Former sheriff’s division chief faces possible contempt over subpoena spat
A finding of contempt should be considered against a retired division chief of the Los Angeles County Sheriff’s Department who failed to honor a subpoena to testify at a recent Sheriff Civilian Oversight Commission hearing on deputy gangs, an attorney for Los Angeles County argues in court papers filed Tuesday.
The subpoena required that Matthew Burson be present for the commission’s June 10 session, which was devoted to finding whether such groups exist in the department.
“The COC has authority to compel Burson’s testimony on this highly important public interest issue, which is within the COC’s jurisdiction of overseeing the sheriff’s department,” Harvinder S. Anand, an attorney for the county, wrote in his court papers.
The county also is seeking an order directing Burson, who retired from the sheriff’s department March 31, to appear the next commission hearing.
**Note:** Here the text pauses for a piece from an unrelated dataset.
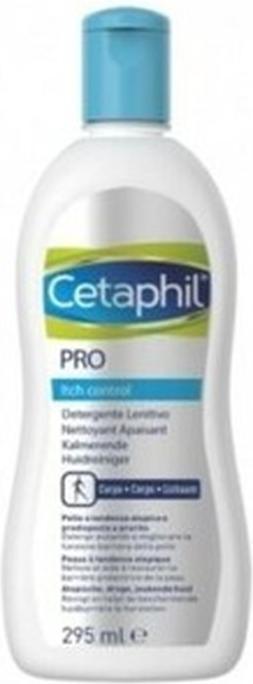 Cetaphil Nettoyant apaisant Pro pour peaux atopiques 295ml (Lait nettoyant, 295 ml)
The commission subpoenaed Burson because in 2018, he issued an order barring the department’s internal criminal investigators from questioning witnesses about what role an internal clique known as the “Banditos” played in brutal deputy-on-deputy assaults at a department party at Kennedy Hall in East Los Angeles.
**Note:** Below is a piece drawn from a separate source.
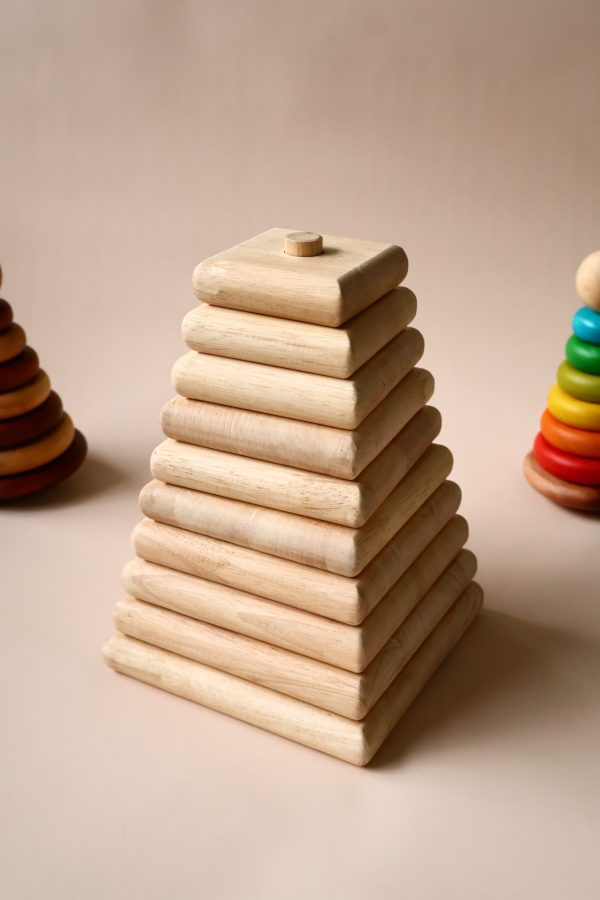 v59 625 202602031611 00.jpg Wooden stacking toy pyramid on table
“Burson thus robbed criminal investigators — before the investigation started — of their best chance of exposing the Banditos, even though the evidence strongly suggested their direct involvement in the attacks, and notwithstanding that deputy gangs are reported to have plagued the department for decades,” Anand states in his court papers.
Burson could not be immediately reached. But he said in a sworn declaration given in another case that shortly after Sheriff Alex Villanueva’s 2018 election, he was told by a high-ranking official, speaking on behalf of Villanueva, that investigators should not ask questions about the Bandidtos.
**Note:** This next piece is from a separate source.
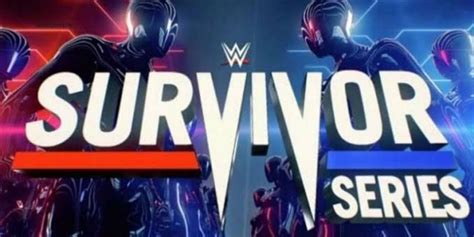 WWE Reveals Date & Location For Survivor Series 2021 Pay-Per-View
Burson says he was told that by the same official as well as the East Los Angeles Station captain at the time that what happened at Kennedy Hall was “not a big deal” and amounted to “drunken mutual combat.”
“But I want to make it clear that if this was a coverup, I had no idea at the time,” Burson says.
The Office of the Inspector General also concluded that the sheriff’s department’s Internal Criminal Investigation Bureau failed to investigate the Banditos’ alleged involvement in the party assaults, according to a sworn declaration by Inspector General Max Huntsman, who further stated that Burson disregarded a subpoena to appear before the Office of the Inspector General on May 26.
The county will file a separate petition to enforce the Office of the Inspector General’s separate subpoena to Burson, according to Anand’s court papers.